Hatherly era uma respeitada catedrática da Universidade Nova de Lisboa (na qual ajudou a fundar o Instituto de Estudos Portugueses) licenciada em Filologia Românica, e detentora de um doutoramento em Estudos Hispânicos.

Nascida em 1929, começou a sua carreira literária em 1958, sendo, com Ernesto de Melo e Castro, uma das figuras de proa do movimento da poesia experimental no nosso país. O jornalista autor deste artigo teve o privilégio de a entrevistar, há anos, para o DN Funchal, aquando de uma sua passagem pela Madeira. Já o mesmo fizera, então, com Ernesto de Melo e Castro. Isto passou-se nos (para nós, pelo menos…), saudosos tempos em que extensos trabalhos de Cultura tinham cabimento e lugar nas páginas daquele matutino.

Uma das fundadoras do Pen Clube português, esta autora veria, mais tarde, a sua obra premiada quer por esta agremiação, quer pela Associação Portuguesa de Escritores (APE). Foi-lhe atribuída em 2009 a condecoração de Grande Oficial da Ordem do Infante D. Henrique.

Além do Pen Clube, ajudou a fundar publicações como ‘Incidências’ e ‘Claro- Escuro’.
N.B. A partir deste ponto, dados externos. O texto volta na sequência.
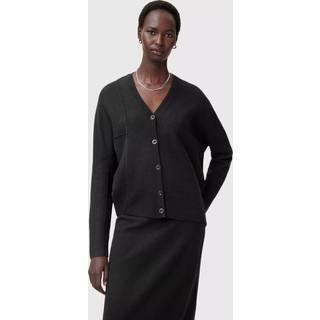 Allsaints Antonia CardiganSmall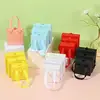 Customize Colors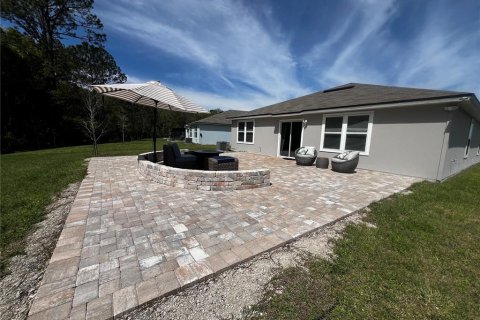 House in Saint Augustine, Florida 4 bedrooms, 172.43 sq.m. № 2223499 - photo 18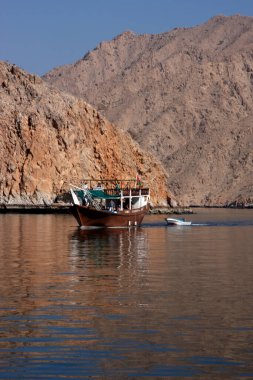 Canon EOS 350D DIGITAL, Fotoğraf 2009, Umman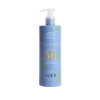 Rudolph Care Kids Sun Lotion SPF 50 Limited Edition<Børn Solcreme Til Børn|Hudpleje Til Børn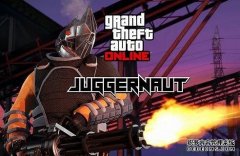 如何選購滿意的300噸糖心网站在线观看？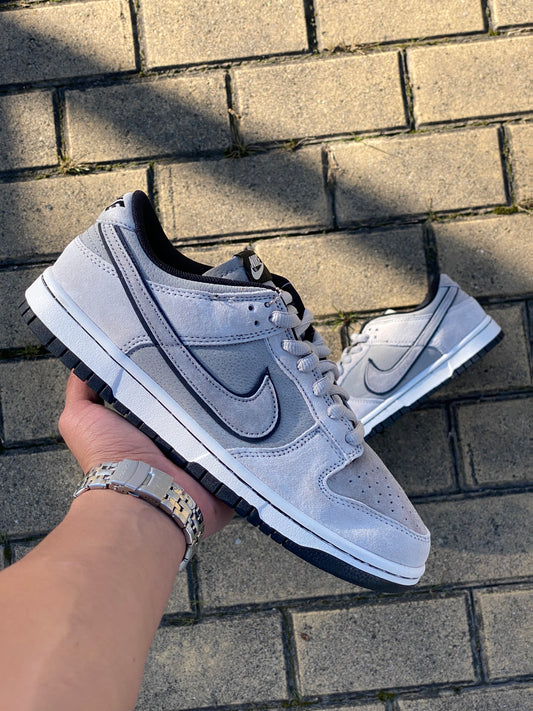 NIKE SB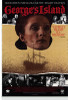 George's Island Movie Poster Print (27 x 40) - Item # MOVCH6722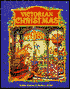 Victorian Christmas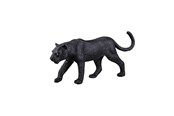 Leketøy - Mojo Wildlife Black Panther - 387017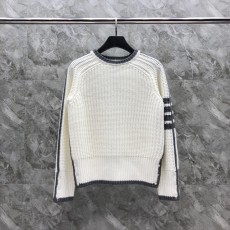 톰브라운 THOMBROWNE 남여공용 니트 T2128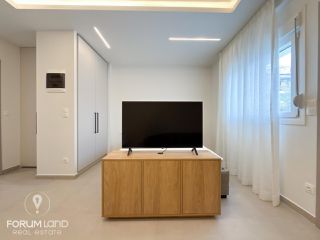 Studio / γκαρσονιέρα 30 τ.μ. για πώληση, Χαλκιδική, Κασσάνδρα-thumb-19
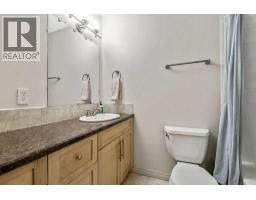 402, 2140 17a Street Sw, Calgary, AB T2T4R8 Photo 15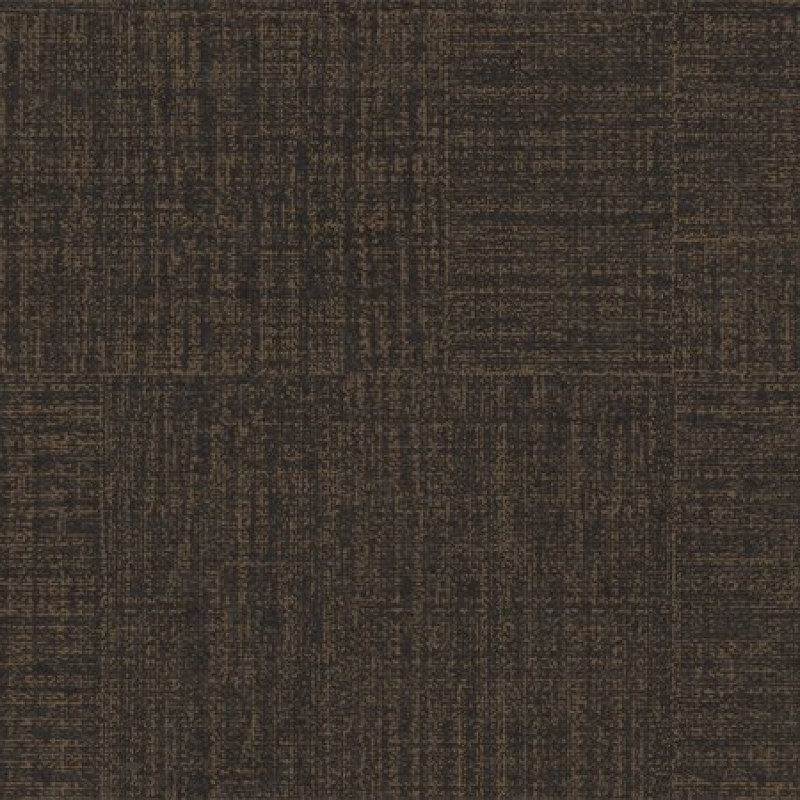 Обои Italreflexes Empire Dream ED68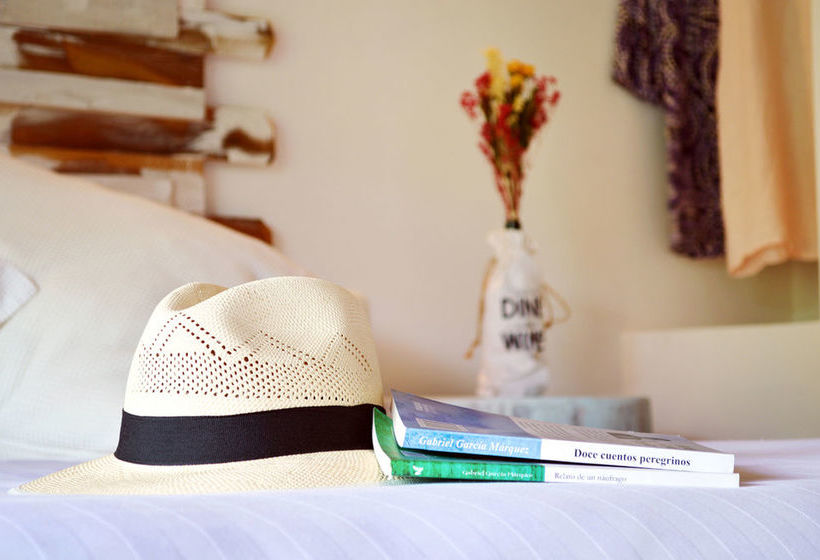 Sweet Harmony By Xarm Hotels | Minca | Magdalena | Colombia 18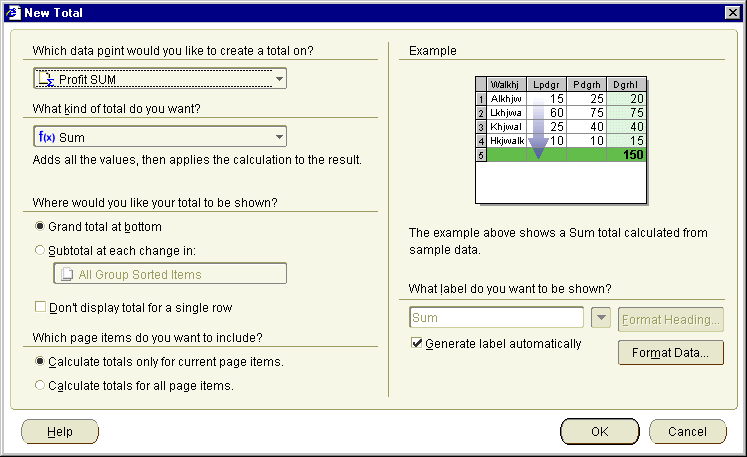 Text description of total_3.gif follows.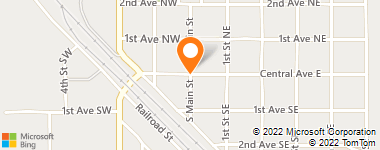 Insurance Company Near Me - Farmers Union Insurance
Entre as suas obras, contam-se títulos como “Um ritmo perdido” e “As aparências”. “Eros frenético”, “Anagramas”, “A dama e o cavaleiro”, a série “Tisanas”, “Rilkeana”, “A mão inteligente” e “O cisne intacto: Outras metáforas – Notas para uma teoria do poema-ensaio”.

No domínio das artes plásticas, tem obra em Serralves e na Gulbenkian. O seu espólio está na Biblioteca Nacional, na Gulbenkian e no Arquivo de Cultura Portuguesa Contemporânea.

Era uma pessoa de singular gentileza e amabilidade, com a simplicidade dos verdadeiramente grandes, que gostava de conversar sobre temas da cultura e da actualidade. Muito se perde com a sua partida.